DL Lesson 55 – Positional Encoding | Dataplexa

Positional Encoding

Transformers process all tokens in a sequence at the same time. While this gives them massive speed and parallelism, it also creates a fundamental challenge.

Unlike RNNs, transformers do not inherently understand the order of tokens in a sequence.

Positional encoding is the mechanism that gives transformers a sense of position, order, and sequence structure.


Why Order Matters in Sequences

In language, meaning depends heavily on word order.

Consider these two sentences:

"Dog bites man"
"Man bites dog"

Both contain the same words, but their meanings are completely different.

Without positional information, a transformer would treat both sentences as identical bags of tokens.


The Core Problem

Self-attention looks at relationships between tokens, but it does not know where tokens appear in the sequence.

This means:

• No notion of first, middle, or last • No understanding of relative distance • No awareness of word order

Positional encoding solves this problem by injecting position information into token embeddings.

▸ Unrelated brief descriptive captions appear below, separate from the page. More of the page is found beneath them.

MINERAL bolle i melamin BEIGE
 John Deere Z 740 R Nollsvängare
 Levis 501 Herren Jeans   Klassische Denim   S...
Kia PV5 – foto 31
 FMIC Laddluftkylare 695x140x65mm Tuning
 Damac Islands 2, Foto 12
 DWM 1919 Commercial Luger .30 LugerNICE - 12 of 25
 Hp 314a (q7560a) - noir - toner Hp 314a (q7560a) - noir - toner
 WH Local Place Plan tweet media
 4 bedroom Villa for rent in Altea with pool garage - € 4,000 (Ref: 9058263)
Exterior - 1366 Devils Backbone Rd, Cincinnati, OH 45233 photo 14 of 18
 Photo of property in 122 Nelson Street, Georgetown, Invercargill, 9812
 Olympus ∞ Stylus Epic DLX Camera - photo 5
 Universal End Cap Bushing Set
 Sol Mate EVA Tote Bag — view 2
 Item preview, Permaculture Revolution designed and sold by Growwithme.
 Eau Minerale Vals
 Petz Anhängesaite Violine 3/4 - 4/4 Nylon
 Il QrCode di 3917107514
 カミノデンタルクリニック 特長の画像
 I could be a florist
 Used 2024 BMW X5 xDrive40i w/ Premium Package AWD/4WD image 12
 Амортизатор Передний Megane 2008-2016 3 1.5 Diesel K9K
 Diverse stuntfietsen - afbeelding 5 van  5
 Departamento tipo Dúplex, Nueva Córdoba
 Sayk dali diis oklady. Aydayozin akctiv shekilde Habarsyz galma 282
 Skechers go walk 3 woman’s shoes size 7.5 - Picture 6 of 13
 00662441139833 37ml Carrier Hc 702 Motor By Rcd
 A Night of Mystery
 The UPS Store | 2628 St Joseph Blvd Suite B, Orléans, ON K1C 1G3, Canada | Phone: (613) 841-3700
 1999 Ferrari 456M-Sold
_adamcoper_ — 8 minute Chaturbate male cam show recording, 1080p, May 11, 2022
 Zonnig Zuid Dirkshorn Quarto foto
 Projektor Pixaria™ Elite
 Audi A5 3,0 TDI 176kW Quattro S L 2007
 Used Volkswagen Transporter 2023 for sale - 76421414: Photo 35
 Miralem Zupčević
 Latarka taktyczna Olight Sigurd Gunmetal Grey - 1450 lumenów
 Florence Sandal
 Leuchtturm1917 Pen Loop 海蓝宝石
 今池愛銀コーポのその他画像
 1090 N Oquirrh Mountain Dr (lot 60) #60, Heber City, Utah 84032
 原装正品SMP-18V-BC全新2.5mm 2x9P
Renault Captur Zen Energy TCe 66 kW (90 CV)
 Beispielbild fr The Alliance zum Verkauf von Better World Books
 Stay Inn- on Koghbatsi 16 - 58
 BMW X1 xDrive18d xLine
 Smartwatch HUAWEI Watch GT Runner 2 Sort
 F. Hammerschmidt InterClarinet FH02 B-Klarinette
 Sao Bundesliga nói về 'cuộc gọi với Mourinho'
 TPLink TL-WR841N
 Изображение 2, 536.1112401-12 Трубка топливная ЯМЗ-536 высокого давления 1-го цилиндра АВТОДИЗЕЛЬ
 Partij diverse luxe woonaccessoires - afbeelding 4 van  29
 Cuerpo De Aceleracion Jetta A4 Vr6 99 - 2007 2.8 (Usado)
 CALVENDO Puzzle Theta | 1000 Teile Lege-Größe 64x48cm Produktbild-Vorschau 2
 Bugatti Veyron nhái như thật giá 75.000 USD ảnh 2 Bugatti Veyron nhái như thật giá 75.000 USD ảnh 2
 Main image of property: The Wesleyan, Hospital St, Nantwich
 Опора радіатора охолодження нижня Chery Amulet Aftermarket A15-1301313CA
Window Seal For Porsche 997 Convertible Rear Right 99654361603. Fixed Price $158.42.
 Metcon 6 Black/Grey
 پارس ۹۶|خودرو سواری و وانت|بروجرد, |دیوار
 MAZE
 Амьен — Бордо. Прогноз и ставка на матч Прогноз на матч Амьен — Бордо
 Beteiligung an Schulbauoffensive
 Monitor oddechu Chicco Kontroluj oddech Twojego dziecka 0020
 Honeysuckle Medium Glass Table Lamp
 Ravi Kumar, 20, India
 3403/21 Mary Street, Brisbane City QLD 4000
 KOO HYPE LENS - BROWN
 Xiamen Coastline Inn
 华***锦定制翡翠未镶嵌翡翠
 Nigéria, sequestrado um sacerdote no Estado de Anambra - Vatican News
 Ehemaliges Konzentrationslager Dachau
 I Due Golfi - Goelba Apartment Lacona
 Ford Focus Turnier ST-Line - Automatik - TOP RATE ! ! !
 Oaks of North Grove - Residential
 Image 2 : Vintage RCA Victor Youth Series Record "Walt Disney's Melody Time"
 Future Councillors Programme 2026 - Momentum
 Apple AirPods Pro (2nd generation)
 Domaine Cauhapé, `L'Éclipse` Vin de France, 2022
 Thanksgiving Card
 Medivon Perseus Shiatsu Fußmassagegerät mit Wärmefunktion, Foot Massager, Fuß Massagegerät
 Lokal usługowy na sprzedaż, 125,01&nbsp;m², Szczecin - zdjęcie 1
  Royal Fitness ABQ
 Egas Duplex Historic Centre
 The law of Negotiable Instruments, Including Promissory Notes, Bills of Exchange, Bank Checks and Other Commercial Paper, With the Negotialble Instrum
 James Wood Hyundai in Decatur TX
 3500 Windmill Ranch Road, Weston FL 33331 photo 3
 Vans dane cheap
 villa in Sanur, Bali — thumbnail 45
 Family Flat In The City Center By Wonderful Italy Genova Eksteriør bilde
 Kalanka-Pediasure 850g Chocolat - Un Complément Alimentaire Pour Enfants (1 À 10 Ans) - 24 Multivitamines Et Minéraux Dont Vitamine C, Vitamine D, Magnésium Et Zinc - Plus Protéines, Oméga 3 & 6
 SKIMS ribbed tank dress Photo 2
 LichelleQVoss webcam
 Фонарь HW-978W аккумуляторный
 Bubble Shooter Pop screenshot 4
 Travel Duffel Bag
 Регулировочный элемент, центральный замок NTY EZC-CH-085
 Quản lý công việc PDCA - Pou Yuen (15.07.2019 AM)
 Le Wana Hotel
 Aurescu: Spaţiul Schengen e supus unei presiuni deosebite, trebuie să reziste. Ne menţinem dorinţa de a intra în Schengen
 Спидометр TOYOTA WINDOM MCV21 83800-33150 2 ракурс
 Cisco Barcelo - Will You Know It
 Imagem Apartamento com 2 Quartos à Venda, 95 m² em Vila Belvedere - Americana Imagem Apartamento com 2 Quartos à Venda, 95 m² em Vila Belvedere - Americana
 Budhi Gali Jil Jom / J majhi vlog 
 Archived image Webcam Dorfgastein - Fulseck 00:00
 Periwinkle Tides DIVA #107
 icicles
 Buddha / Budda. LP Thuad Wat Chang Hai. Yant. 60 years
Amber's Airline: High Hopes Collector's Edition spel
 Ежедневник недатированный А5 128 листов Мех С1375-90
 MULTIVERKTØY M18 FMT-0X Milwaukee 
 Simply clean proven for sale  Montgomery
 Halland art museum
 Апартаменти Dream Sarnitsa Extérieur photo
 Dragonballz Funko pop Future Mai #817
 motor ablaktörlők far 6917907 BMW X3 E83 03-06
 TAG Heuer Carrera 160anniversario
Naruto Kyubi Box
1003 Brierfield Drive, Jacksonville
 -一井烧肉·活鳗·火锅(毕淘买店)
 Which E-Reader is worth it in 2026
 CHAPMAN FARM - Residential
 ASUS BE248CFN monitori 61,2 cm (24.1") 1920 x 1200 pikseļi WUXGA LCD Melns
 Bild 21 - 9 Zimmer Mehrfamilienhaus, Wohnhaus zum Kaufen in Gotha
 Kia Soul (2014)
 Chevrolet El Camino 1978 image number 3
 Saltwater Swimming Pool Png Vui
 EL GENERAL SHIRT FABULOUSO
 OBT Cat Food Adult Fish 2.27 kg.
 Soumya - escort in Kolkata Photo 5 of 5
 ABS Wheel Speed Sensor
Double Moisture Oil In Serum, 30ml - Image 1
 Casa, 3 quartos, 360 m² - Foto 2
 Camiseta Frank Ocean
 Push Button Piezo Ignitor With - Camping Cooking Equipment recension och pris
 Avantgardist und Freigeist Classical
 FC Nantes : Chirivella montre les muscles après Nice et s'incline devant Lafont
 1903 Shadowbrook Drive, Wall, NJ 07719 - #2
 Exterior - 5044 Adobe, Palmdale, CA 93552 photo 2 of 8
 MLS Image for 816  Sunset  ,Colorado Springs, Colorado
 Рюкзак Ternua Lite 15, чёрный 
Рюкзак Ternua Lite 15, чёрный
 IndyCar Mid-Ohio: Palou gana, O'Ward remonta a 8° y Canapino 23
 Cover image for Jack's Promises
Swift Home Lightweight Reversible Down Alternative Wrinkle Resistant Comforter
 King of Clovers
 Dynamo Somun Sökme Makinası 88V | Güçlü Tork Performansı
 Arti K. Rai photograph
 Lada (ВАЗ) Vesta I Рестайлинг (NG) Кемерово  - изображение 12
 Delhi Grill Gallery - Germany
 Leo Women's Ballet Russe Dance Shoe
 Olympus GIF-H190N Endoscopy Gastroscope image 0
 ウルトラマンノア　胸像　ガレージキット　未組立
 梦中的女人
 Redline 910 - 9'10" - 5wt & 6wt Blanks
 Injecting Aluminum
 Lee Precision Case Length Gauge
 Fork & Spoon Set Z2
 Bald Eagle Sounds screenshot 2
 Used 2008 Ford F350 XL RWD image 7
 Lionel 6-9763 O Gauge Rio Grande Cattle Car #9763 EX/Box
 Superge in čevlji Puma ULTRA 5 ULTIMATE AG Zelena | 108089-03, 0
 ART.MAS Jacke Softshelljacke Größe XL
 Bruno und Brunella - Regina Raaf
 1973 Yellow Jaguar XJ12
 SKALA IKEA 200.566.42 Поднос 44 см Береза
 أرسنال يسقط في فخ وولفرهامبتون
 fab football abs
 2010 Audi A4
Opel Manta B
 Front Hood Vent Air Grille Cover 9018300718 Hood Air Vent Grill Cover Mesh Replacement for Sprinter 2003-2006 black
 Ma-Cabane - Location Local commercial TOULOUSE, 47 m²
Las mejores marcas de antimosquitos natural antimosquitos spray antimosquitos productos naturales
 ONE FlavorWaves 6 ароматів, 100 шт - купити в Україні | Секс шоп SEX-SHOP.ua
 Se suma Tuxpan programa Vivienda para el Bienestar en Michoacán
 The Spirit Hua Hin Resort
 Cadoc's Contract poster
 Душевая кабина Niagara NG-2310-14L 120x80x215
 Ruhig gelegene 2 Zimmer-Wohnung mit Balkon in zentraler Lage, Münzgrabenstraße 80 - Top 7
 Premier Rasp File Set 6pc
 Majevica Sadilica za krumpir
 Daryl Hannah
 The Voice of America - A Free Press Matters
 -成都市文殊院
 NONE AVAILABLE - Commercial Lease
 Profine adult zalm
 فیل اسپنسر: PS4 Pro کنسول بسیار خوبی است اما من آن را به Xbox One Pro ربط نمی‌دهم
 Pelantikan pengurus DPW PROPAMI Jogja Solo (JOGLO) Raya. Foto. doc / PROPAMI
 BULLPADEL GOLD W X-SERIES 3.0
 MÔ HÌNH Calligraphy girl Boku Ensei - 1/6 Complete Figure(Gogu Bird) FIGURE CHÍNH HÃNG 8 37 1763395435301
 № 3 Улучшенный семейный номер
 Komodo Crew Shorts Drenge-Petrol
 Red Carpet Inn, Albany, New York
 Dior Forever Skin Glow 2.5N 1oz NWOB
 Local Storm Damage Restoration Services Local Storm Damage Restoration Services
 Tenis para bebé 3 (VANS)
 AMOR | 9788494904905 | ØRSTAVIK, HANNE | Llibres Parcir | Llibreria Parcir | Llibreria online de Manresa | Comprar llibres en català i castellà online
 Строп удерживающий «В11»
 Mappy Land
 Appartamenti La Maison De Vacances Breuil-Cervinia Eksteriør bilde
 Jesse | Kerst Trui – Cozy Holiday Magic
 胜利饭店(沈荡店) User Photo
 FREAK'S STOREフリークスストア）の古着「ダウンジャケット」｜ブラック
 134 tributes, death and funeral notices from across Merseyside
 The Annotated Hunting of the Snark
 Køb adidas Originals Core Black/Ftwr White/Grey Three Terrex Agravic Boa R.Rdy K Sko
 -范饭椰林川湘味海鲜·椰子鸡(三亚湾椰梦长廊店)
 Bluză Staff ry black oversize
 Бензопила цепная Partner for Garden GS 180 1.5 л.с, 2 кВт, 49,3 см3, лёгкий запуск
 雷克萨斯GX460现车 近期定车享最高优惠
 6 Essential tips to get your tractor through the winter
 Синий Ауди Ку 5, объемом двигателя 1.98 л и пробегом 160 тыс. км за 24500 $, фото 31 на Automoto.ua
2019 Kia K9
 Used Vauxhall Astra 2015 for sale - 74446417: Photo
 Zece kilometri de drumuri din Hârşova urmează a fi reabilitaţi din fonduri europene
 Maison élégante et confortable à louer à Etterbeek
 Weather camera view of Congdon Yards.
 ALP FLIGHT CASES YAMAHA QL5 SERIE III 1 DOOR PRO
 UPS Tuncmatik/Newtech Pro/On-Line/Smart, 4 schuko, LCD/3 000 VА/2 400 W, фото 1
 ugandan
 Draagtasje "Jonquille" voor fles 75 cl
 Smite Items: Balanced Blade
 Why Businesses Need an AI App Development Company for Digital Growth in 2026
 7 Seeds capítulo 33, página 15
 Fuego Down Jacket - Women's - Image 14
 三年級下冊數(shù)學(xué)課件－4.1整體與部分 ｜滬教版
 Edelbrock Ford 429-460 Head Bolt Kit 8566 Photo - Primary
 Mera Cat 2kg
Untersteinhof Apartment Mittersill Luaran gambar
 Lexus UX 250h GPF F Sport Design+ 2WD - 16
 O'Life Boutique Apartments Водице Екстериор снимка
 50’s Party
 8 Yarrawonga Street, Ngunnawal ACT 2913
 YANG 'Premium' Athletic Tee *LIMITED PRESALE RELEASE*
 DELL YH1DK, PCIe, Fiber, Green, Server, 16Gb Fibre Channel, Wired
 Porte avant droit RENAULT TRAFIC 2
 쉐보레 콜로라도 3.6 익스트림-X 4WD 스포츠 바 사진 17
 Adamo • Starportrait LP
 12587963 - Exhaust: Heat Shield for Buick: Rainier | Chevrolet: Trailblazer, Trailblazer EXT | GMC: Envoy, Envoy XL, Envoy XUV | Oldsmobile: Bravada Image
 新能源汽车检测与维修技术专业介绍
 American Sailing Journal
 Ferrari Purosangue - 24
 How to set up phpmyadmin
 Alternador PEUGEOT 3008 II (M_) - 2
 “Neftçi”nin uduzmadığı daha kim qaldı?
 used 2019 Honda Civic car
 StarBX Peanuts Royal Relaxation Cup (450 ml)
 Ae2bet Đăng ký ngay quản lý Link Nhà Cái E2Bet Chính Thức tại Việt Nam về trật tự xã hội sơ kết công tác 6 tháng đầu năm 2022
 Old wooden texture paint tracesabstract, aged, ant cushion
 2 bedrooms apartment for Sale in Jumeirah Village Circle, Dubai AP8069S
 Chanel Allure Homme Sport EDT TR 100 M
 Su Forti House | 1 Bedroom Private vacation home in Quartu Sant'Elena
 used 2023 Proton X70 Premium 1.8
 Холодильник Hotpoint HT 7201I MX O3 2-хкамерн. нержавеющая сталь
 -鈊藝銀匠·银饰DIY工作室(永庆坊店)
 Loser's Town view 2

How Positional Encoding Works

Each token embedding is combined with a position-specific vector.

The resulting representation contains:

• Semantic meaning of the token • Positional information within the sequence

This combined embedding is then passed into the transformer layers.


Fixed (Sinusoidal) Positional Encoding

The original transformer uses sinusoidal positional encodings.

Each position is encoded using sine and cosine functions of different frequencies.

This allows the model to generalize to sequence lengths longer than those seen during training.

PE(pos, 2i)   = sin(pos / 10000^(2i / d_model))
PE(pos, 2i+1) = cos(pos / 10000^(2i / d_model))

Here:

pos = position index
i = embedding dimension index
d_model = embedding size


Why Sine and Cosine?

Sine and cosine functions create smooth, continuous patterns.

This allows the model to infer:

• Relative positions between tokens • Distance relationships • Sequential structure

A key advantage is that relative positions can be computed from linear combinations of encodings.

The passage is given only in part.